Prosthetic joint infections (PJI) are an emerging health problem. Although the incidence of
these infections is historically low (approximately 0.5%-1.0of implants), because of the
rapid increase in the number of hip, knee and other joint implants, the absolute number of
cases of infection is increasing. In 2010, 332,000 hip joints and 719,000 knee joints were
implanted. This alone conservatively translates to 5,000-10,000 cases, with an economic
impact of $1 billion. Management of PJI is particularly challenging because long term
antibiotic therapy in most cases is accompanied by removal of the prosthesis and
re-implantation.
For long term antimicrobial administration, current standard of care requires a peripherally
inserted central catheter (PICC) or other indwelling intravascular catheter, and
daily/multiple daily infusions. There is substantial cost of maintaining the intravascular
access, drugs, home health care and monitoring, as well as the infection risk of the chronic
indwelling line which is being accessed frequently. There is a clear need for alternative
care models to the current approach. Dalbavancin, because of its activity profile against
Gram-positive organisms and its pharmacokinetics which would allow weekly or every other week
dosing, is a favorable option. This option would eliminate the need for long term IV access,
because at most, weekly IV infusions would be performed.
In terms of bone infection, dalbavancin has favorable pharmacokinetic properties. A PK study
performed in subjects undergoing elective orthopedic surgery found that dalbavancin (dosed at
1000mg IV at enrollment and then 500mg weekly for up to 7 weeks) maintained levels in
cortical bone at bactericidal levels , at >50X the MIC of typical staphylococcal organism
(including MRSA). Animal studies in a rat osteomyelitis model also found that dalvabancin was
comparable to vancomycin. Because of these same PK properties, dalbavancin offers the
opportunity to substantially reduce costs and morbidity in native joint and prosthetic joint
infections.
This is a two-center, randomized, open label trial of dalbavancin versus standard intravenous
therapy control comparator in the treatment of subjects with gram positive native joint or
prosthetic joint infections. The primary outcome variable is clinical cure at day 42 after
start of treatment in all randomized patients. Safety and tolerability will also be assessed
throughout the study period via laboratory measurements and AE monitoring. Additionally,
clinical response will be measured by patient reported outcomes with change from baseline
symptoms and by Quality of Life questionnaire.

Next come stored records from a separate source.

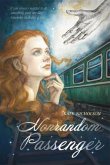 Nonrandom Passenger (eBook, ePUB) Nonrandom Passenger (eBook, ePUB)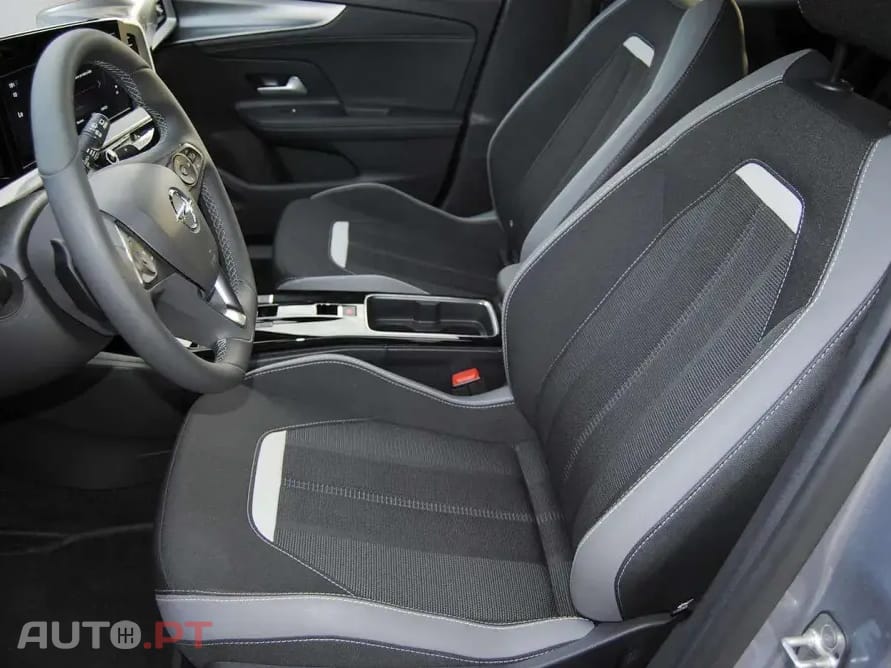 Opel Mokka 1.2 T GS Line AT (130cv)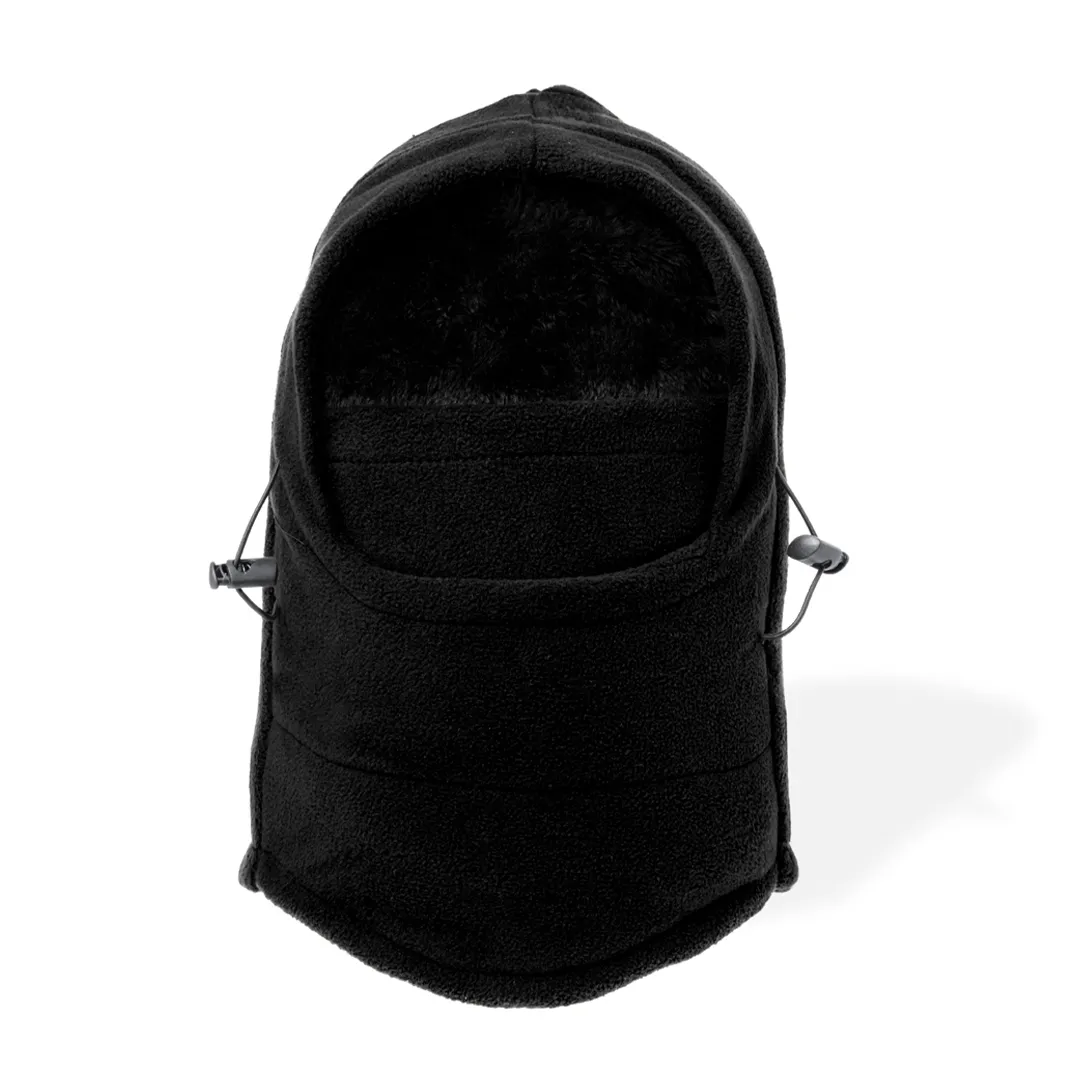 Braga Gorro Tecko NEGRO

Eligible subjects with confirmed gram positive joint infections, will be randomized in a
ratio of 2:1 to receive open label dalbavancin or standard IV therapy. Standard IV therapy
will depend on the antibiotic susceptibility of the causative pathogen. Subjects randomized
to dalbavancin may have received standard of care therapy for no more than 120 hours prior to
first dalbavancin dose. Subjects randomized to standard of care can continue with treatment
course if already started, or receive the first dose at the baseline visit.